The invention addresses these and other problems associated with the prior art by providing a circuit arrangement, program product and method that in one aspect utilize three stage input staging logic to receive source synchronous data in a source synchronous communications system. By incorporating a third latching stage into input staging logic, critical timing parameters such as the setup time for latching a last sub-phase of a data phase are more easily met, thus improving maximum operational frequency and reducing the criticality of signal path lengths, switching times, and other potential sources of delay.

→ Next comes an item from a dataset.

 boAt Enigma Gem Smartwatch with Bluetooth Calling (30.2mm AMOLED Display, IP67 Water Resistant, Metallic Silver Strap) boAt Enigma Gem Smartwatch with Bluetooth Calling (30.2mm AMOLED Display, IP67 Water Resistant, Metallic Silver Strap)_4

Consistent with one aspect of the invention, source synchronous input staging logic is configured to receive a source synchronous data signal. The input staging logic includes first, second and third latching stages respectively configured to store a plurality of data values from the source synchronous data signal, and sequencer logic coupled to the first, second and third latching stages and configured to sequentially route data values from the source synchronous data signal to the first, second and third latching stages. In addition, common clock synchronizing circuit is coupled to the input staging logic and is configured to synchronize data from the source synchronous data signal to a common clock signal by sequentially latching data values from the first, second and third latching stages.

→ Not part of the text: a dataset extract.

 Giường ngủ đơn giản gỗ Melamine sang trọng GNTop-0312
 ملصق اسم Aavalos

The invention also provides in another aspect, a circuit arrangement, program product and method that incorporate at least one holding latch intermediate the output of two stage input staging logic and a common clock synchronizing circuit to effectively increase the hold time of a staging latch in one of the latching stages prior to common clock synchronization. The holding latch is clocked concurrently with at least one other staging latch in the input staging logic that is clocked later in a data phase than the staging latch that feeds the holding latch so that the data clocked into both such staging latches is available for common clock synchronization at roughly the same point in time.

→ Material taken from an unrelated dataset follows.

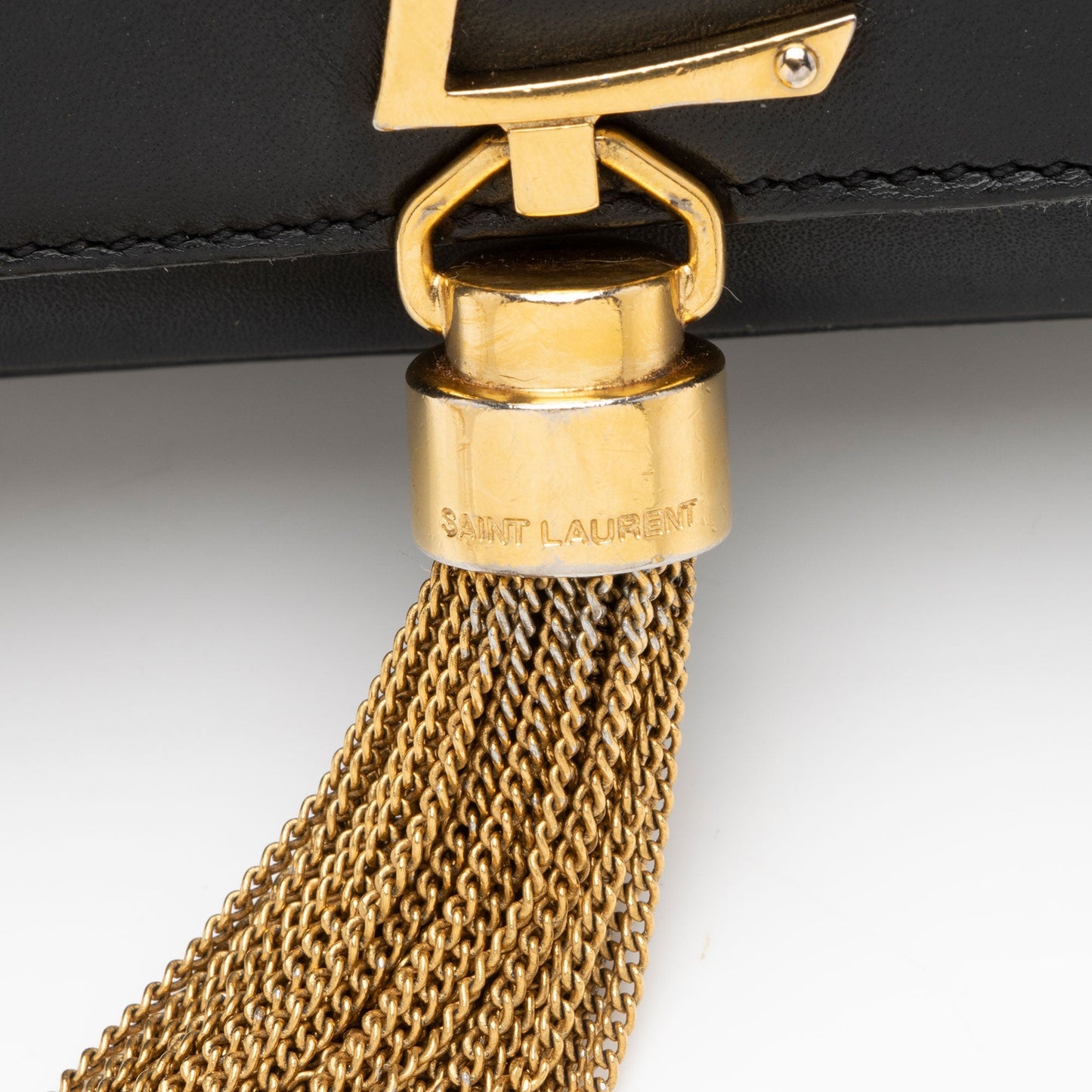 Saint Laurent Leather Monogram Kate Tassel Mini Shoulder Bag 2TLIWr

Consistent with this other aspect of the invention, source synchronous input staging logic is configured to receive a source synchronous data signal. The input staging logic includes first and second latching stages respectively configured to store a plurality of data values from first and second data phases of the source synchronous data signal. The first latching stage includes first and second staging register latches, where the second staging register latch is configured to receive data from a later sub-phase of the first data phase than the first staging register latch. Sequencer logic is coupled to the first and second latching stages and is configured to sequentially route data values from the source synchronous data signal to the first and second latching stages at least in part by selectively gating the first and second staging register latches. A common clock synchronizing circuit is coupled to the input staging logic and is configured to synchronize data from the source synchronous data signal to a common clock signal by sequentially latching data values from the first and second latching stages. Moreover, the input staging logic additionally includes at least one supplemental holding latch coupled intermediate an output of the first staging register latch and the common clock synchronizing circuit. The supplemental holding latch is gated by the sequencer logic to latch the output of the first staging register latch concurrently with gating of the second staging register latch.